Exercise: Could you return the listing below exactly, with every line intact?

Listed entries:
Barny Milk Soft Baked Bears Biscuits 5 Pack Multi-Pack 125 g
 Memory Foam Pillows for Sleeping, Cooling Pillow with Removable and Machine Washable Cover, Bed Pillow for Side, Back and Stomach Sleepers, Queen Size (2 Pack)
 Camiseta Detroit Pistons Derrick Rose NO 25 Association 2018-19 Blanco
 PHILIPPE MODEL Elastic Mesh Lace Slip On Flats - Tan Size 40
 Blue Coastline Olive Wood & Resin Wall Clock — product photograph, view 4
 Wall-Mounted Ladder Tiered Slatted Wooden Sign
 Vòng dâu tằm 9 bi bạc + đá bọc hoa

Task response:
Barny Milk Soft Baked Bears Biscuits 5 Pack Multi-Pack 125 g
 Memory Foam Pillows for Sleeping, Cooling Pillow with Removable and Machine Washable Cover, Bed Pillow for Side, Back and Stomach Sleepers, Queen Size (2 Pack)
 Camiseta Detroit Pistons Derrick Rose NO 25 Association 2018-19 Blanco
 PHILIPPE MODEL Elastic Mesh Lace Slip On Flats - Tan Size 40
 Blue Coastline Olive Wood & Resin Wall Clock — product photograph, view 4
 Wall-Mounted Ladder Tiered Slatted Wooden Sign
 Vòng dâu tằm 9 bi bạc + đá bọc hoa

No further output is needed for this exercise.